The material below includes pictures; leave them out and return only the lines between the line containing "Toranj dizalice - Luffing" and the line containing "(PDF) High power", inclusive, word for word.

--- GIVEN RECORDS ---

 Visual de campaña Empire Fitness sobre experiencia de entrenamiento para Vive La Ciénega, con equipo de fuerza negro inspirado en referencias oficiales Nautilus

---
--- GIVEN RECORDS ---

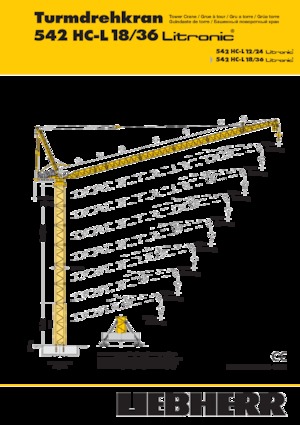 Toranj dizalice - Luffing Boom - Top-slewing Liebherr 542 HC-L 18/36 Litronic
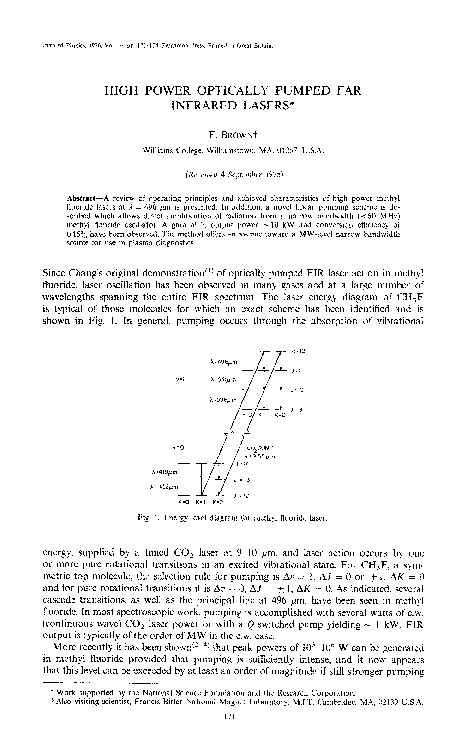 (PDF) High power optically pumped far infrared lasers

---
--- GIVEN RECORDS ---

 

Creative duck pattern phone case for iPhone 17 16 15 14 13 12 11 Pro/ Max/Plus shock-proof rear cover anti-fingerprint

---

▶ _OUTPUT OF THE EXERCISE_
 Toranj dizalice - Luffing Boom - Top-slewing Liebherr 542 HC-L 18/36 Litronic
 (PDF) High power optically pumped far infrared lasers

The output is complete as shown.